山形ラーメン (山形県)
山形ラーメンとは
山形県を発祥とするご当地ラーメンの総称。 山形県はラーメン消費量が日本一と言われている。 山形県では、醤油ベースのスープに中華麺が入ったラーメンは「中華そば」と呼ばれることが多い。そういった醤油ベースのスープのラーメンこそが「山形ラーメン」であるとする人もいる。味自体は、県内の各地域や各店で異なるため、ひとつのメニューを指して「これが山形ラーメン」とひとくくりに定義できる物ではない。また、蕎麦屋においても中華そばを提供する店が多く、中には本業の蕎麦よりもラーメンのほうが人気となっている蕎麦屋もある。
「冷やしラーメン」だけじゃない
ここのところ、「冷やしラーメン」で紹介されることが多い山形。確かに「冷やしラーメン」の元祖は本町の「栄屋本店」である。スープは牛肉のブイヨンがベース、しかもチャーシューも牛肉というユニークさである。そして、冷やしワンタンメンの元祖が北山形の「栄屋分店」だ。
他にも冷やしラーメンのバリエーションが豊富で、しかも50年以上の歴史があるので有名店も多い。透き通った塩味スープの冷やしが人気の「山長(やまちょう)」、酒粕が隠し味の冷やしやまぶきがある「廣東」、芋煮を具に加えた「佐藤屋」(休業中2023年)などである。
そして寒河江地区で有名なのは冷やし鶏そば。「いろは」などにあるが、そば屋の発想であろうと思われるユニークな一品だ。これがまた旨いのである。

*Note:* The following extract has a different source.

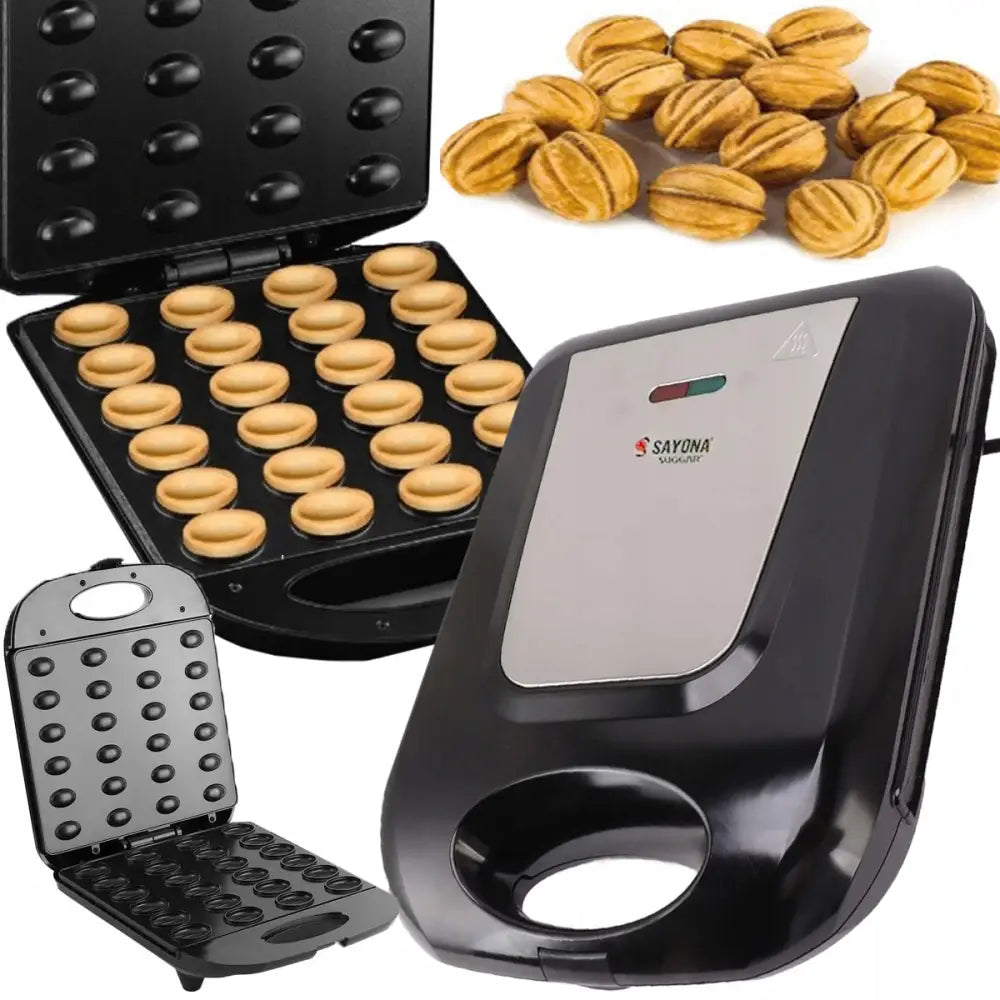 Elektrisk nøttekakejern med åpnet plate, ferdige nøttekjeks og rå former synlige, samt ferdigstekte kaker ved siden av.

しかし山形は冷やしラーメンだけの県ではない。ラーメンが美味しい街もたくさんあり、それぞれに特徴があるのだ。何せ、中華麺の消費量は日本一という統計資料もある。
米沢は鶏ガラ・煮干し中心のさっぱり醤油味。幅広の縮れ麺。「ひらま」「熊文」などが代表。ちょっとタイプが違うが「やまとや」も人気。

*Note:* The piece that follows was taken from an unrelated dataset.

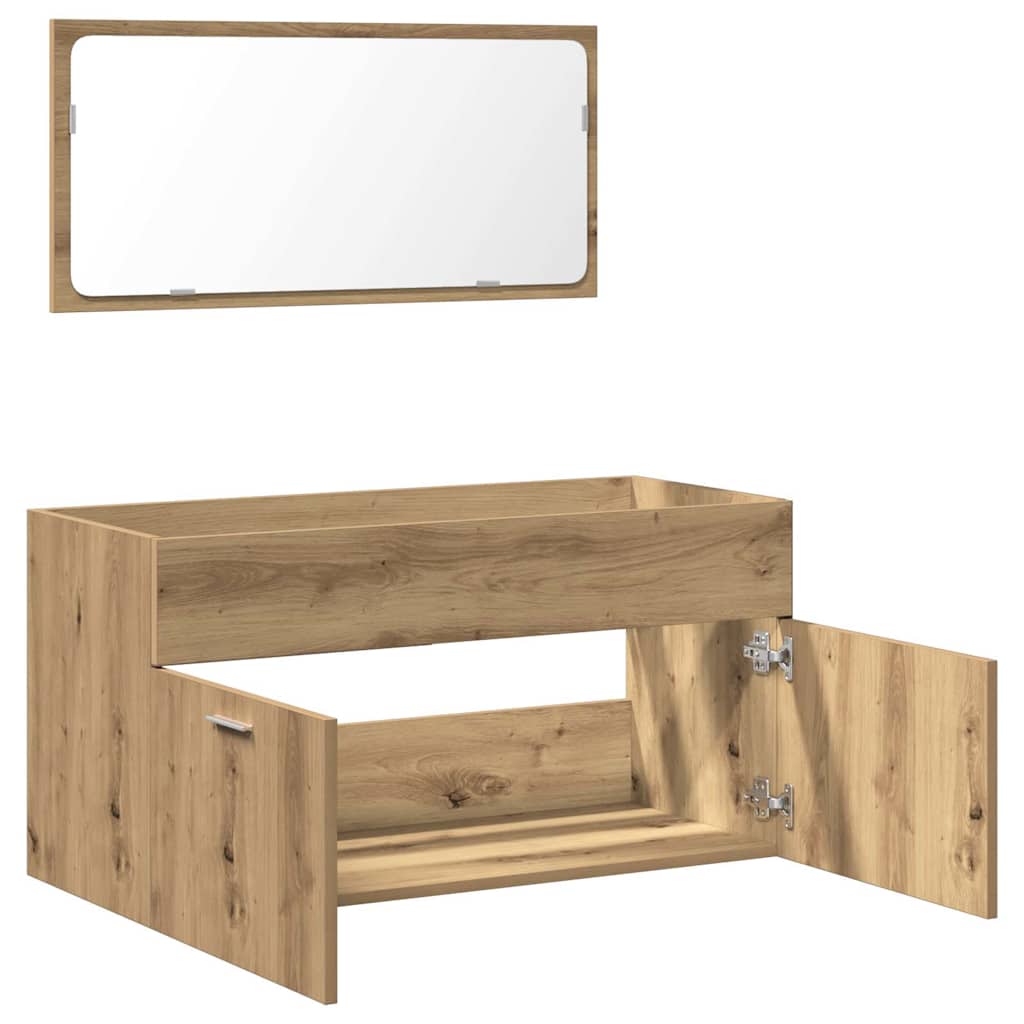 Móvel de casa banho com espelho madeira de carvalho artesanal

温泉で知られる赤湯エリアには、辛味噌で名高い「龍上海」がある。山形市などにもあるが、親戚筋にしか暖簾分けを認めず、しかも原則取材拒否店なので、地元中心に人気の店である。ラーメン好きは一度は訪れてほしい店である。
天童エリアには100年を超える歴史のある蕎麦屋「水車そば」があるが、ここで出される鶏中華は蕎麦と中華の合体・融合という感じで、斬新である。もともと蕎麦屋なので裏メニューで出していたらしいが、人気が広がり、とうとうメニューに載せることにしたもの。地元では、他の店でも出はじめており、天童の地ラーメンになりつつあるようだ。

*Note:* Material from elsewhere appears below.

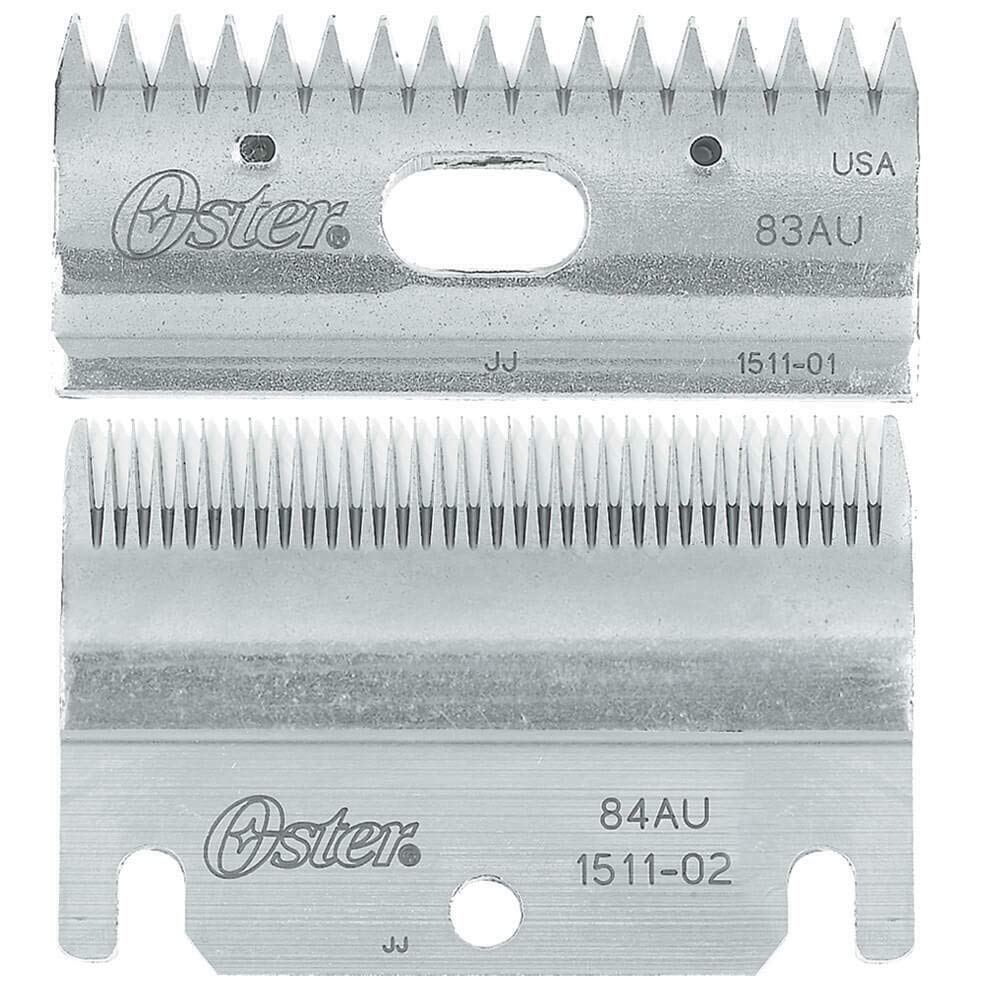 Oster Clipmaster blade set 83AU-84AU for precise, durable clipping on horses, lambs, and cattle.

新庄エリアではこちらも蕎麦屋だが「一茶庵本店」「一茶庵支店」「一茶庵分店」などがある。出は一緒らしいが今ではまったく別物が出てくるので面白い。特に人気があるのが「一茶庵支店」。ここのもつラーメンは名物になっている。また珍しい「ぬるまラーメン」というのがある。これは茹でた麺をいったん水で締め、それを熱いスープに入れたラーメンである。全国でもかなり珍しいメニューである。
酒田エリアは自家製麺比率が日本一ともいわれており、それだけに麺へのこだわりは強い。多加水の細麺で熟成させた麺を使う。面白いことに店名に「月」が付く店が多く、「三日月軒」「満月」「新月」「半月」など。手打ちというと青竹が思い浮かぶが、「三日月軒」では鉄棒を使って体重をのせ麺を打っている。これは酒田でも珍しく、全国でもそんなに聞かない。
●「栄屋本店 冷やしらーめん」 冷やしラーメンの元祖といわれる店。スープは牛肉のブイヨンがベース。チャーシューも牛肉。
●「龍上海 赤湯からみそラーメン」 さらっとした辛味噌がのっており、これが結構辛い。しかしクセになる味。
●「水車そば 鶏中華」 日本そば屋の裏メニューで人気№1だった。和風のスープに揚げ玉が絶妙で面白い。